- _TASK DATA_:
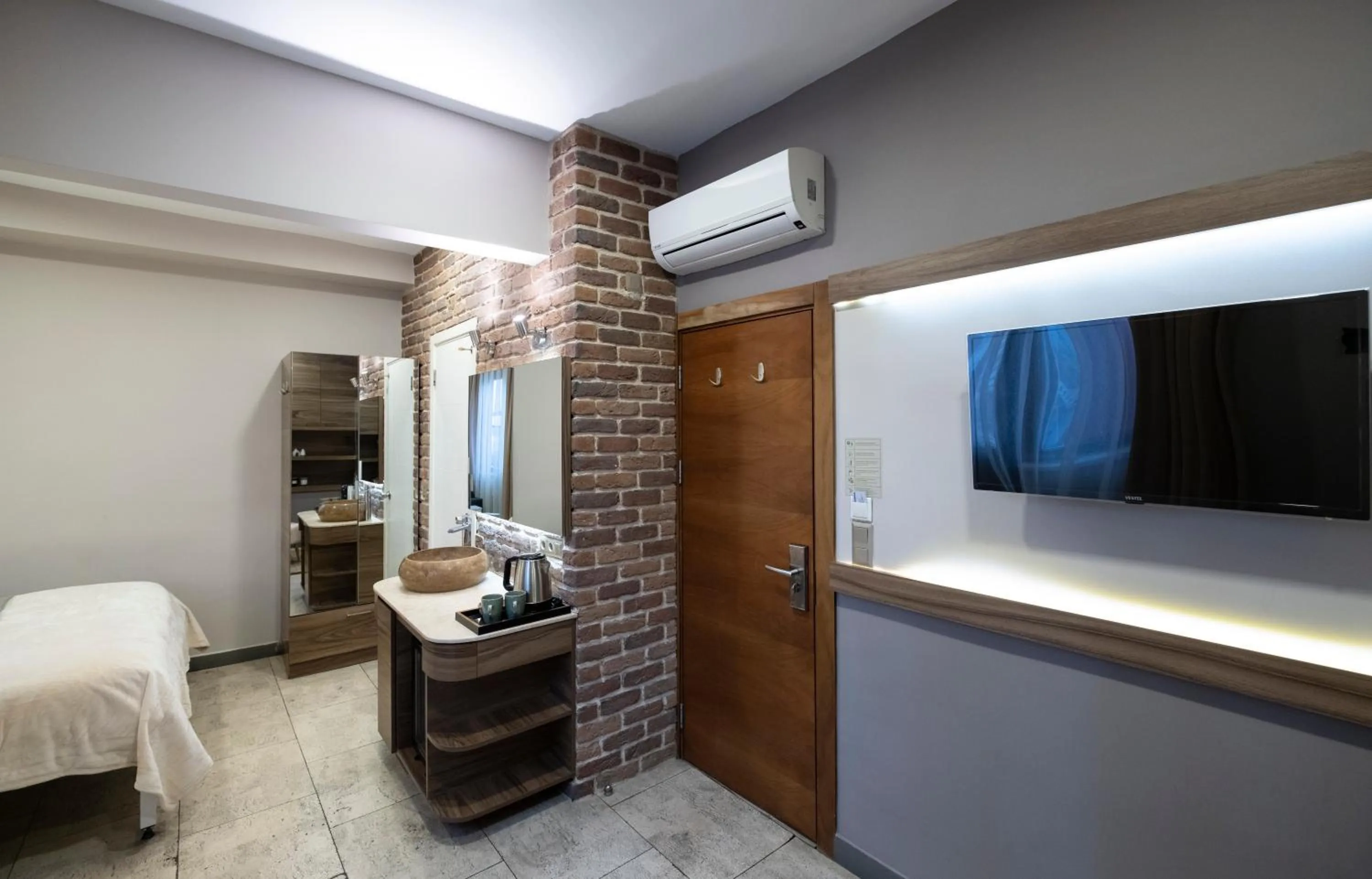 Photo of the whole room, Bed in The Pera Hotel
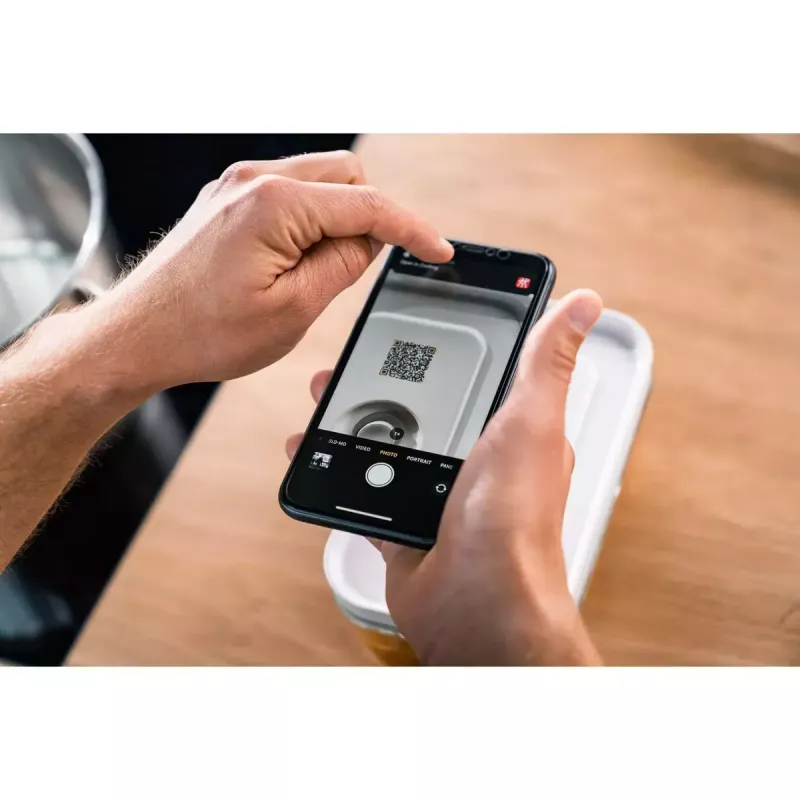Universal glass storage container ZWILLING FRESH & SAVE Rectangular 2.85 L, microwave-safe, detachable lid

==

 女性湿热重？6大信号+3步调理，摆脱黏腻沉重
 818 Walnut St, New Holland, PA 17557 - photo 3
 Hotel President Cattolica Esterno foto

==

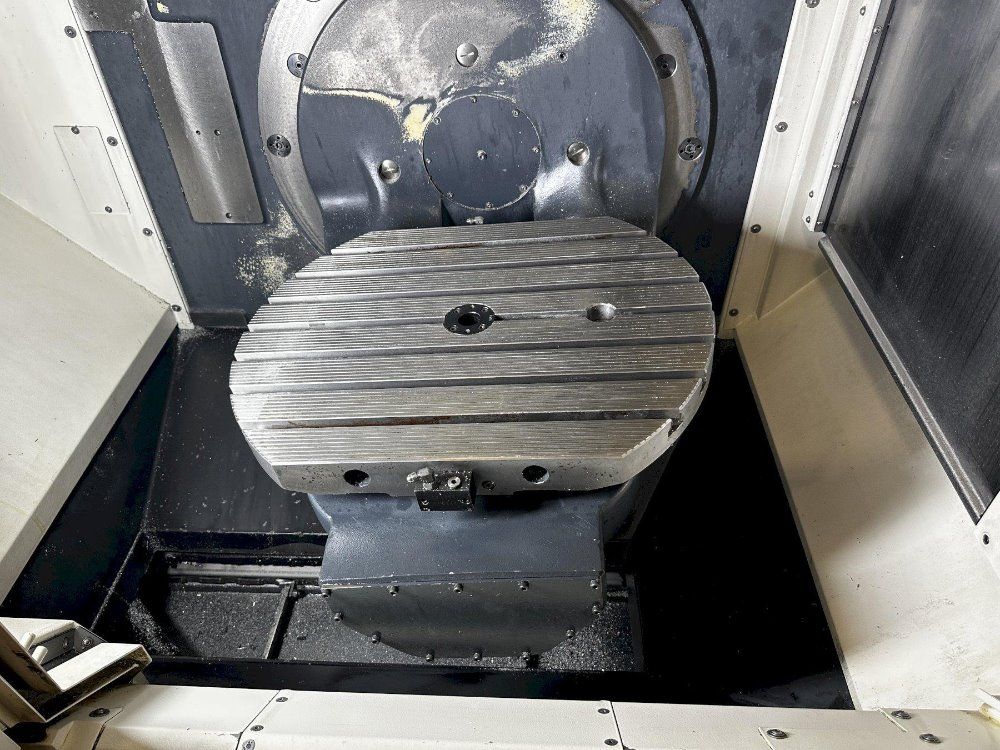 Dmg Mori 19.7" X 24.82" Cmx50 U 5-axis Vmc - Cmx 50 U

- _ACTIVITY_:
Using the data above, print exactly the lines from the line that contains "818 Walnut St, New" through the line that contains "Hotel President Cattolica Esterno foto", with both included.

- _SOLUTION FOR THIS PROBLEM_:
 818 Walnut St, New Holland, PA 17557 - photo 3
 Hotel President Cattolica Esterno foto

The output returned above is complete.